__What you have to do__
Every line below from the one containing "寧化2.5萬(wàn)畝油菜長(zhǎng)勢(shì)喜人" through the one containing "Easy to Grow" is to be printed exactly, with the pictures omitted.

__Records__

+ + + + +

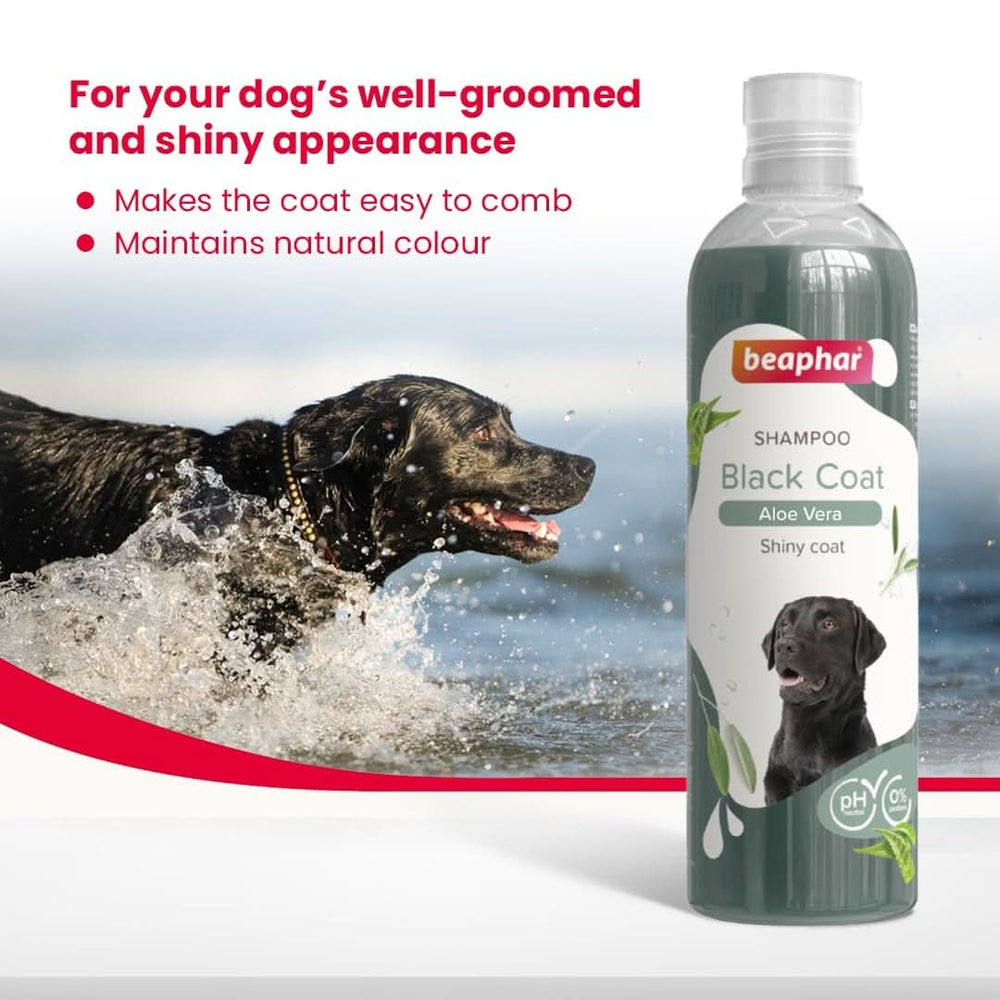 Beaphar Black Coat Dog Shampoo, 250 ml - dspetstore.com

+ + + + +

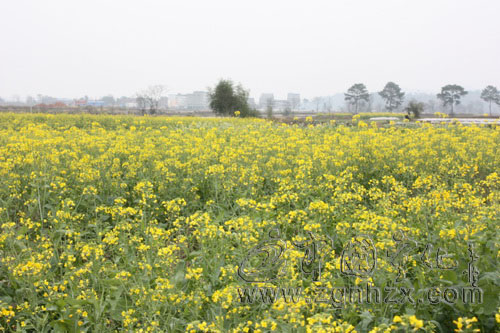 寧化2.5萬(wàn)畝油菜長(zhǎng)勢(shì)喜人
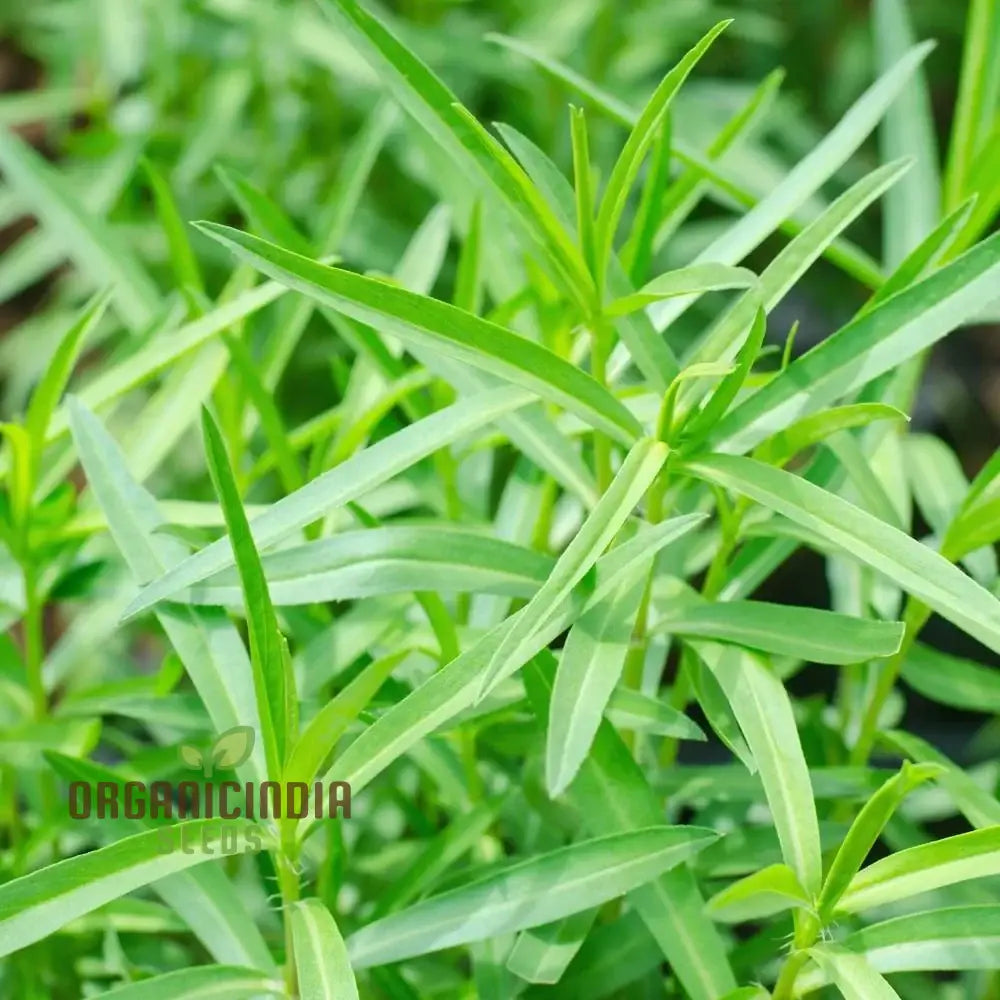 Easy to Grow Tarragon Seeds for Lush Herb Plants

+ + + + +

__Task result__
 寧化2.5萬(wàn)畝油菜長(zhǎng)勢(shì)喜人
 Easy to Grow Tarragon Seeds for Lush Herb Plants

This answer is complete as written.